3. About this document

This program, xhtml2to1, is a literate program; that is, its “source” is an essay containing its computer “source code” annotated with English explanations for human readers.

3.1. Why literate programming?

We discuss why xhtml2to1 uses literate programming1.

3.1. Correctness of programs

Firstly, it is a way of producing documentation for programs, something sorely lacking in open source software (in general).

The author was also inclined to employ literate programming, because of his personal tastes: he is a student of mathematics and is used to reading and writing mathematical expositions. He is constantly dismayed at the bugginess of many computer programs. In contrast, almost all widely accepted mathematics have no errors. And mathematicians take errors in published work, if discovered, very seriously, unlike most computer programmers.

Why is it so hard to achieve correctness in computer programs? One reason is that computer programs are, by their nature, too formal. A computer follows precisely a set of instructions written in a formal syntax. We make one small typo or omission in a C program and it core dumps.

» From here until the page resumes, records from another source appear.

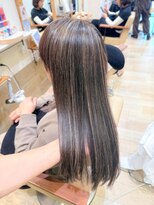 ステラバイケンジ 藤沢(STELLA by KENJE)&nbsp;【脱白髪染め】白髪ぼかしハイライト40代50代グレージュ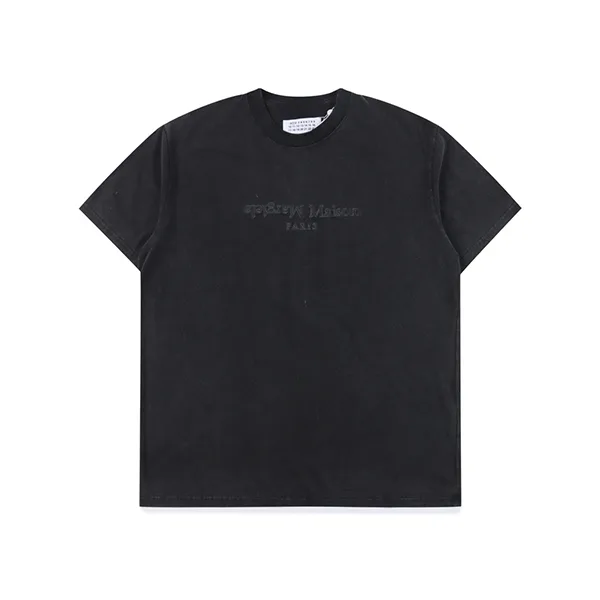 超話題!メゾン マルジェラ 刺繍ロゴ入り ウォッシュドブラックTシャツ Mam42159
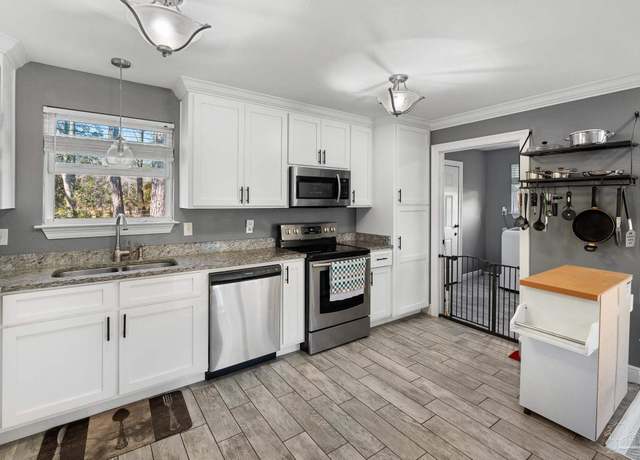 Property at 8240 Tempest Dr, Pensacola, FL 32506, 2 beds, 2 baths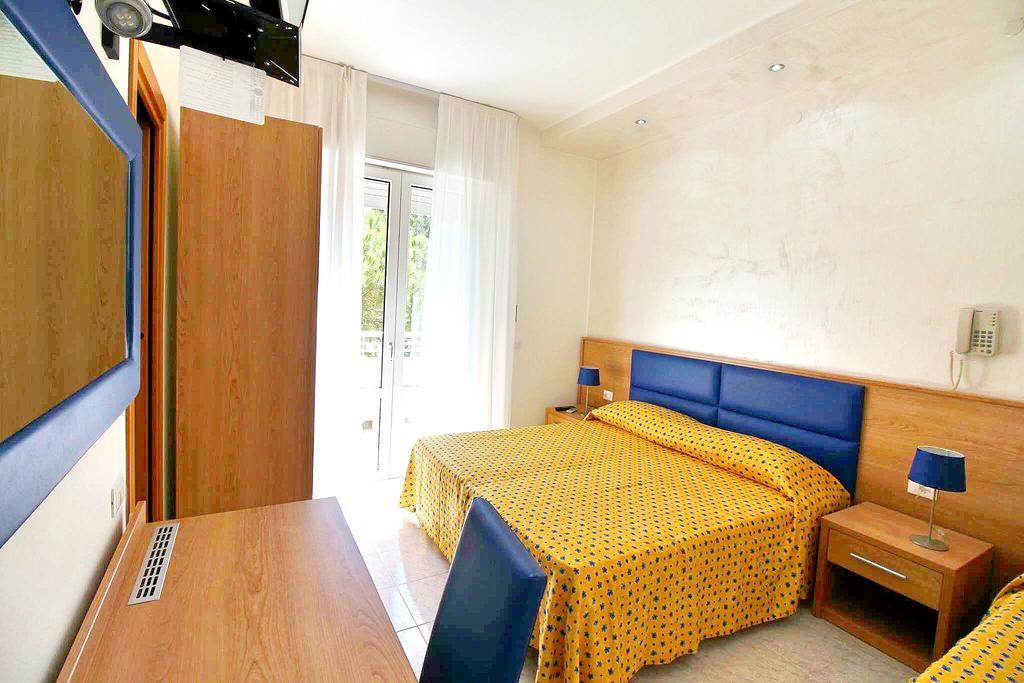 Hotel Eraclea Lido di Jesolo Exteriör bild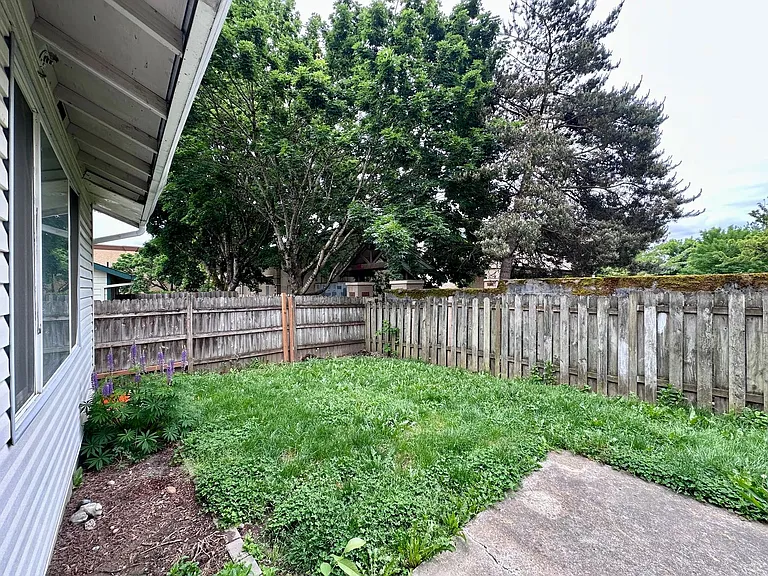 Adorable and Spacious!! Troutdale Duplex in Cul-de-sac!! — Photo 17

We want the computer to do what we mean it to do, not exactly what we say. Obviously we cannot forgo programming languages with formal syntax altogether, so the next best thing is to complement “code”2 written in a computer programming language with exposition in a natural language. Not very much unlike mathematical writings, where even mathematical proofs, which are expected to be formal, are written in English (or another natural language) with formulae interspersed throughout.

The author believes literate programming leads to more correct programs — after all, TeX, the first literate program, is mostly bug-free — and this alone should justify the method.

3.2. Design of programs

Literate programming also helps with the elegant design of programs. A logically correct program that has a baroque design, or is difficult to use, could be as bad as a buggy program. A person who wants to write a good program must have some confidence that the design of the program is good. And what could be more convincing than writing the program as an essay presents arguments for the program’s design (provided the program simultaneously works, of course)?

3.3. Is literate programming too hard?

There is no doubt that literate programming is harder, at least at first, than “normal programming”. The author recognizes that most literate programming systems out there are just too clumsy to use. That is why the author has written his own literate programming system to try to fix these problems.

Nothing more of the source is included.